Date of Final Oral Examination (Defense)

2-12-2021

Type of Culminating Activity

Dissertation - Boise State University Access Only

Degree Title

Doctor of Philosophy in Materials Science and Engineering

Department

Materials Science and Engineering

Major Advisor

Hui (Claire) Xiong, Ph.D.

Advisor

William L. Hughes, Ph.D.

Advisor

Brian Jaques, Ph.D.

Advisor

Bruce Dunn, Ph.D.

Advisor

Eric Dufek, Ph.D.

Abstract

Over 30 years have passed since the commercialization of the lithium ion battery (LIB), which to date continues to present key challenges in energy/power, stability, and safety. Intense research efforts have made large strides in developing durable LIBs with high energy and power densities toward a wide range of applications from electric vehicles to large scale energy storage systems for renewable energy. Nevertheless, limited work has been done in the applications of amorphous oxide electrode materials due to the perception that amorphous materials are less electrically conductive than crystalline ones. Recent studies suggest that inducing crystallization of amorphous nanostructured oxides through electrochemical cycling can lead to materials with enhanced electrochemical charge storage performance. However, fundamental knowledge regarding the driving forces, thermodynamics, and nucleation and growth kinetics of the electrochemically-induced amorphous-to-crystalline (a-to-c) transformation remains limited.

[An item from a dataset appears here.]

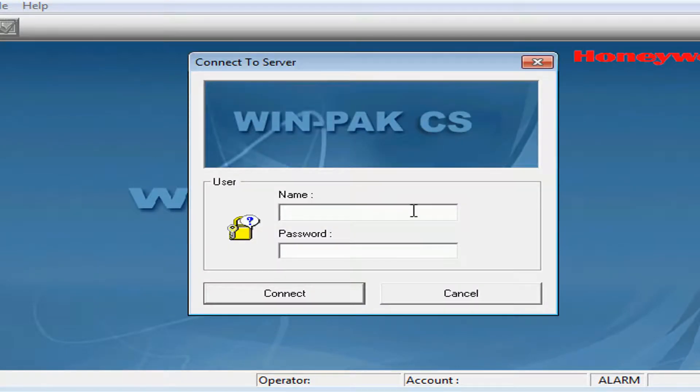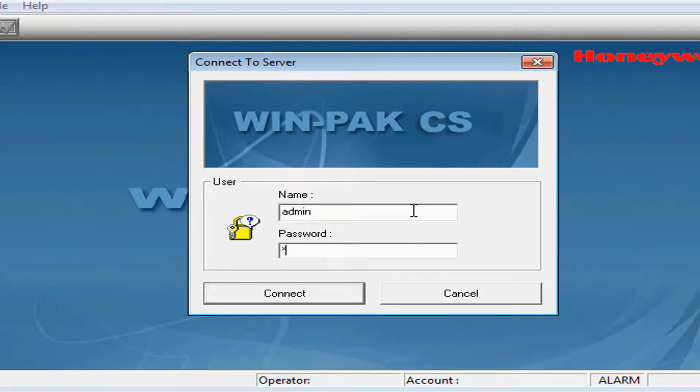Then, where it says Name, type in the username that we added and the password that we created.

In this work we report a new nanostructured rock salt (RS) Nb2O5 electrode formed through operando electrochemical cycling of amorphous Nb2O5 with Li+. This new polymorph of Nb2O5 exhibits high capacity, superb rate capability, and great cycle life in LIBs, owing to the open framework of the cubic structure. We show, for the first time, that the insertion of three lithium ions into Nb2O5 (~ 1.5 electron transfers per Nb) is possible in the new RS-Nb2O5 (LixNb2O5, 0 ≤ x ≤ 3) for Li-ion storage. Utilizing the a-to-c approach in Nb2O5 electrodes permitted a much higher specific capacity because the system was naturally allowed to choose and optimize its crystalline structure through a process of self-organization.

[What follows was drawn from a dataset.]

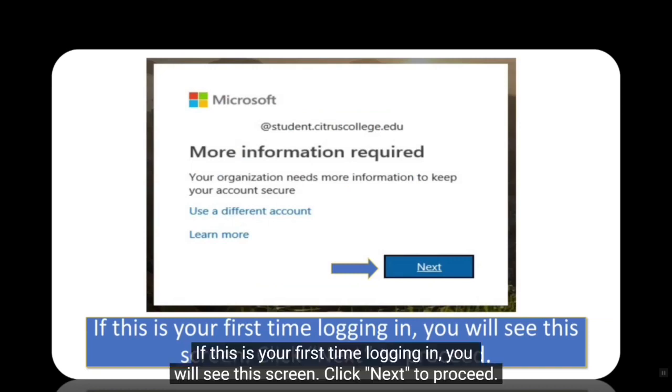If this is your first time logging in, you will see this screen. Click next to proceed.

This work also presents a unique opportunity to utilize nanostructured Nb2O5 materials for the sodium ion battery (SIB) system, which is an attractive alternative to LIB due to a more sustainable outlook. The origin of this endeavor began by studying the degradation of sodium hexafluorophosphate (NaPF6)-based non-aqueous electrolytes containing different solvent mixtures (e.g., cyclic and acyclic carbonates) in the presence of water, highlighting two electrolyte additives, 2,2,2-trifluoroethoxy-2,2,2-ethoxy phosphazene (FM2) and fluoroethylene carbonate (FEC). We found that FEC is not efficient to protect the electrodes from being exposed to HF, while FM2 mitigated HF formation. Initial insight into nanochanneled Nb2O5 negative electrodes for SIB have indicated material with larger pore size, smaller wall thickness, and more amorphous character perform at the highest capacity and at larger rates.

Our efforts focus on developing a fundamental understanding of the self-organization of nanoscale amorphous transition metal oxides during cycling, and examining the physiochemical phenomena of this phase transformations for creating a powerful modular approach to designing improved battery materials with programmable physical and chemical properties. In addition, this work expands into exploring the effects of crystallinity on the performance of Nb2O5 electrodes used in SIBs. Our broader impact was aimed at profoundly transforming electrical energy storage research, fabrication, and applications to enable new design strategies for nanoscale oxide materials that go beyond current energy materials performance limits.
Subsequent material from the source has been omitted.